Gürcistan yönetimi, 2008 Ağustosu’nda önce Güney Osetya’yı
sonra Abhazya’yı savaşla ele geçirme hamlesi yapmıştı.
Rusya’nın dahli ile geri püskürtülüp Abhazya ve Güney
Osetya’ya bağımsızlık yolu açılınca, Amerikalı müttefikleriyle
yeni bir siyasi stratejik plan oluşturdu. Geçtiğimiz aylarda
bu planın ana çerçevesi ilan edildi. Plana göre Gürcistan’ın,
Abhazya ve Güney Osetya’yı yakın zamanda ve savaş yoluyla geri
alma stratejisinden vazgeçildi, yerine uzun vadeli ‘barışçı
kuşatma stratejisi’ benimsendi.
İşte son aylarda olup bitenler bu stratejisinin saha
çalışmalarıdır. Söz yerindeyse, Soçi Olimpiyatları öncesinde
Amerikan-Gürcü oyunları...
Washington-Tiflis ittifakı bu stratejiyi olgunlaştırırken, ne
tesadüf ki (!) Adige-Abhaz hattında tamamlayıcı gelişmeler
kendini göstermeye başladı. Önce diasporada Abhaz-Adige
birliğini sabote edecek söylemler dillendirildi. “Adigeler
kardeşimiz, ancak Abhazya Abhazlarındır’ yurtseverliği (!)
kaynatıldı. Peşinden, örgütsel bütünlüğü parçalamak üzere ayrı
federasyon projesi pişirildi. Paralelinde, Adigey ve
Kabardey’de Abhazya’nın politik yanlışları ve Abhazların
vefasızlığı üzerine fikir patlamaları yaşanmaya başlandı. Kimi
sivil toplum liderleri, insan hakları savunucuları ve daha pek
çok yurtsever (!), Abhazya’nın ‘kadim düşman’ Rusya ile
ilişkilerini Kafkas halklarının zararı pahasına geliştirdiğini
dillendirmeye başladılar. (Şimdi bunların hangilerinin
Amerika’da hangilerinin Kafkasya’da yaşadığını takip etmekte
zorlanıyoruz ya, neyse).
Hem Abhaz tarafındaki hem Adige tarafındaki ‘'yeni nesil
yurtseverler’'in ayrılık söylemleri aynı şablonla başlıyor;
‘Adigeler kardeşimiz, ancak...’, ‘Abhazlar kardeşimiz,
ancak...’. Ve maalesef bu ‘ancak’lar iş görüyor.

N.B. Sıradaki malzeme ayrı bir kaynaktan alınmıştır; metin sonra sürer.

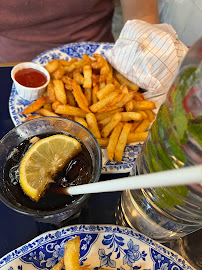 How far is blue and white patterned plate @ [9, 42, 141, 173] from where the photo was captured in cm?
114

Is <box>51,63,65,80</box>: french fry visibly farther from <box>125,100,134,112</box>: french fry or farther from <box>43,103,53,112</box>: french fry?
<box>125,100,134,112</box>: french fry

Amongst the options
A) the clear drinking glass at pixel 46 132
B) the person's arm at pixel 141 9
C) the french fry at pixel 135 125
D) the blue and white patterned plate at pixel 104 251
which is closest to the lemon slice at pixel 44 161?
the clear drinking glass at pixel 46 132

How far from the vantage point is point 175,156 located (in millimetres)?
645

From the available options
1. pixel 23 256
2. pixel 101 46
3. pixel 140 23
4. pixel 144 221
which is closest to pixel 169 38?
pixel 140 23

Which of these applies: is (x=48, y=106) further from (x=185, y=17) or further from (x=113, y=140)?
(x=185, y=17)

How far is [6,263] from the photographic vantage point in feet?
2.80

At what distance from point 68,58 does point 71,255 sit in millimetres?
990

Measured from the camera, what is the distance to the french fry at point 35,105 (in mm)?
1229

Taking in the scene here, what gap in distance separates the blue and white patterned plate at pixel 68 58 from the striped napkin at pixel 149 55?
24 centimetres

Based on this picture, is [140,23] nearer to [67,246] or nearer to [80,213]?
[80,213]

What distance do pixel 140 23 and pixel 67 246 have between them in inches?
38.6

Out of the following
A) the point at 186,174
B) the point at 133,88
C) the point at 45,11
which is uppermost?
the point at 186,174

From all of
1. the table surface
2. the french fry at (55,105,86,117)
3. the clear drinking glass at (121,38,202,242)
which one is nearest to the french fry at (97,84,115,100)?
the french fry at (55,105,86,117)

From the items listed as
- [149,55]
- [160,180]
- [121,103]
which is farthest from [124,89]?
[160,180] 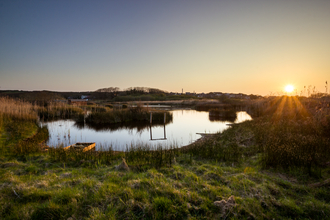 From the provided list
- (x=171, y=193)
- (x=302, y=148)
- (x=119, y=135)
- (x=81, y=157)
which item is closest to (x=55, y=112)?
(x=119, y=135)

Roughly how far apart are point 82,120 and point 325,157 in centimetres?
2122

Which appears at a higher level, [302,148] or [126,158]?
[302,148]

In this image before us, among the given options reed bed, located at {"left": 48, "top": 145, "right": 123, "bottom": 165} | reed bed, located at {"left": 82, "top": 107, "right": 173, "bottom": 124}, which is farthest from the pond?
reed bed, located at {"left": 82, "top": 107, "right": 173, "bottom": 124}

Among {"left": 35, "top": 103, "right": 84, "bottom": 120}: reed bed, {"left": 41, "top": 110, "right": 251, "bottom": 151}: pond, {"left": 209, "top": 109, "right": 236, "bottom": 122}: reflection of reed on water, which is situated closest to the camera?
{"left": 41, "top": 110, "right": 251, "bottom": 151}: pond

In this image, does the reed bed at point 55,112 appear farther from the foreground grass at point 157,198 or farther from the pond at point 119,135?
the foreground grass at point 157,198

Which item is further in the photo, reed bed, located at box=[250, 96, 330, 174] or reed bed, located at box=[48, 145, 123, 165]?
reed bed, located at box=[48, 145, 123, 165]

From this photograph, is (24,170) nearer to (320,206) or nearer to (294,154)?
(320,206)

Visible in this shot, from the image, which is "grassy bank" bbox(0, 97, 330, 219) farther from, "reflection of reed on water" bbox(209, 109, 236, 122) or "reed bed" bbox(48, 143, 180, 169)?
"reflection of reed on water" bbox(209, 109, 236, 122)

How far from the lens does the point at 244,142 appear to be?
898 cm

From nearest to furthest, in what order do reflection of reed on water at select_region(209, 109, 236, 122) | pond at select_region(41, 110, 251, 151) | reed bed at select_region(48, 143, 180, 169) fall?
1. reed bed at select_region(48, 143, 180, 169)
2. pond at select_region(41, 110, 251, 151)
3. reflection of reed on water at select_region(209, 109, 236, 122)

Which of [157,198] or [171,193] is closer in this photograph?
[157,198]

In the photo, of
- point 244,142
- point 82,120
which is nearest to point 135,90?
point 82,120

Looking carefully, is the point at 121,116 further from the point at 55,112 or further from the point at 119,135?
the point at 55,112

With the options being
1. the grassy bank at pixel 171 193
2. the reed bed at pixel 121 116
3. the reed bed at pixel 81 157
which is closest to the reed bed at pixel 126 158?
the reed bed at pixel 81 157
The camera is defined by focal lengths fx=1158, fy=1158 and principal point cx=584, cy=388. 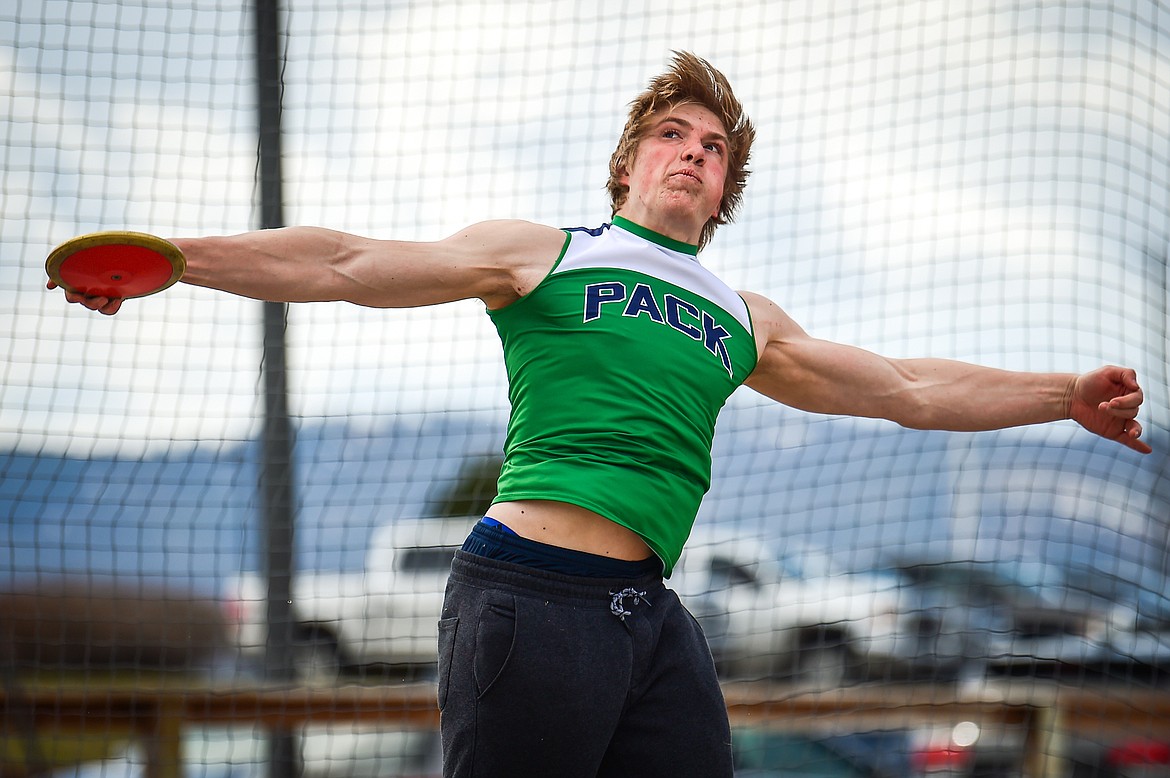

Adigey’deki “Çerkes Kongresi” başkanı Murat Berzeg, 28 Şubat
2010’de İstanbul’da verdiği konferansta, Gürcistan’la
ittifakın gerekliliğini uzun uzun anlattıktan sonra, bakın
Abhaz kardeşliğini nasıl “ancak”lıyor:
“Abhazlar bizim kardeşimiz. Aynı soydanız, bu tartışılmaz.
Ancak Abhazya’nın Adige ulusal sorunlarına yeteri kadar ilgi
ve önem gösterdiğini düşünmüyoruz. Abhazya bağımsızlığı
kazandıktan sonra bize destek vereceğini sanıyorduk ve Adige
ulusal sorununu gündeme getirerek bize bir yol açmasını
bekliyorduk. Bugün yürüttüğü politika Rusya’nın yanında ve ben
bunu doğru bulmuyorum.”
Bir aklıselim konferans dinleyicisi soruyor:
“Gürcistan’la Adigelerin birliği Abhazya yönünden olumsuz
sonuç doğurmaz mı?”
Murat Berzeg yanıtlıyor;
“Bu
konu ilk kez şimdi gündeme gelmiyor. Daha önce de bu konu
gündeme geldiğinde Abhazya’da savaş çıkmak üzereydi. Abhazya
sorunu çözülene kadar konuyu erteleyeceğimizi söyledik. Bugün
bu konunun Abhazya’ya ne gibi bir zararı olacak? Gürcistan’la
aralarında bir savaş çıkma ihtimali olursa artık Rus orduları
var Abhazya’yı savunan. Bu anlamda bizim orada bir işimiz
olduğunu, konuyla bir ilgimizi göremiyorum. Eğer Rus orduları
olmayıp, Gürcülerin saldırma ihtimali olsaydı biz Gürcistan’la
böyle bir diyaloga girmezdik. Abhazların yanında olurduk.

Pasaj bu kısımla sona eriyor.